====== SUPPLIED ENTRIES
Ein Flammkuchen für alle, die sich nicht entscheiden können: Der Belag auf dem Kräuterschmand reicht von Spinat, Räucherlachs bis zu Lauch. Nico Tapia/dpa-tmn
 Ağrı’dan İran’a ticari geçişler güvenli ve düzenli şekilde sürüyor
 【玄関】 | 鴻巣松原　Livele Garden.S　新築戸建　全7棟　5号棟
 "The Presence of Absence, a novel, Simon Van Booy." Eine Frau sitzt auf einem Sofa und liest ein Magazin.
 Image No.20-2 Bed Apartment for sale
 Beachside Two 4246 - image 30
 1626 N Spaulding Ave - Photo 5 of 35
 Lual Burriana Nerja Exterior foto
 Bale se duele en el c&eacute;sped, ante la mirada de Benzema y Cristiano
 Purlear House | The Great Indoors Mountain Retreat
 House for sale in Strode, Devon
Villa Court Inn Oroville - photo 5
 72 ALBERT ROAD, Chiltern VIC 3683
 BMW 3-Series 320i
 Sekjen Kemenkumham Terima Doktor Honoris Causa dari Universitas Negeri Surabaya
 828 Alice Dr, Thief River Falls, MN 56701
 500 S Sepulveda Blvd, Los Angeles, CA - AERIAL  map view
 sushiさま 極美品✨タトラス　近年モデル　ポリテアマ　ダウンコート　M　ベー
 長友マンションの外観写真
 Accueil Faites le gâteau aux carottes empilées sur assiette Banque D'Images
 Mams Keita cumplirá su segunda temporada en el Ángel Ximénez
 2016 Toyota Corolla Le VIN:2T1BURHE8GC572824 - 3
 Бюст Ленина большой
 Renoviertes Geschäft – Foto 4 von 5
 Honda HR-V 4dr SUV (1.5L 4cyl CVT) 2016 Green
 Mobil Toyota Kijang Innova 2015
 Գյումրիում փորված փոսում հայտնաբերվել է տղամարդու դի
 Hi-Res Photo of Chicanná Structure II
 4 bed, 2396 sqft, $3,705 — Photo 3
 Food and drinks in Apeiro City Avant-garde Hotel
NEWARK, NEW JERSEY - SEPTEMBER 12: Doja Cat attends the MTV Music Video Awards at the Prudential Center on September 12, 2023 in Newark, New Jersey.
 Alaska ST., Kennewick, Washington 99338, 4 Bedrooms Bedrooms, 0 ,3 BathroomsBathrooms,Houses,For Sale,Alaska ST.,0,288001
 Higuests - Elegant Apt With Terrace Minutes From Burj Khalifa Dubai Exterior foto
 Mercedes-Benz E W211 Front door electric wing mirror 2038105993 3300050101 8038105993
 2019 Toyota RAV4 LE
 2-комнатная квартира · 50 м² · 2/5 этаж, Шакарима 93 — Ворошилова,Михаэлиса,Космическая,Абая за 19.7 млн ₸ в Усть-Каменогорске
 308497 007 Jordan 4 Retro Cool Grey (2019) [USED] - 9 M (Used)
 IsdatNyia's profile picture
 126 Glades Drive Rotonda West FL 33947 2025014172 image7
============
_WHAT TO WORK ON_.
Up to and including the last line above, starting with the line that contains "Higuests - Elegant", return each line exactly and nothing else.

_RESULT OF THE TASK_.
 Higuests - Elegant Apt With Terrace Minutes From Burj Khalifa Dubai Exterior foto
 Mercedes-Benz E W211 Front door electric wing mirror 2038105993 3300050101 8038105993
 2019 Toyota RAV4 LE
 2-комнатная квартира · 50 м² · 2/5 этаж, Шакарима 93 — Ворошилова,Михаэлиса,Космическая,Абая за 19.7 млн ₸ в Усть-Каменогорске
 308497 007 Jordan 4 Retro Cool Grey (2019) [USED] - 9 M (Used)
 IsdatNyia's profile picture
 126 Glades Drive Rotonda West FL 33947 2025014172 image7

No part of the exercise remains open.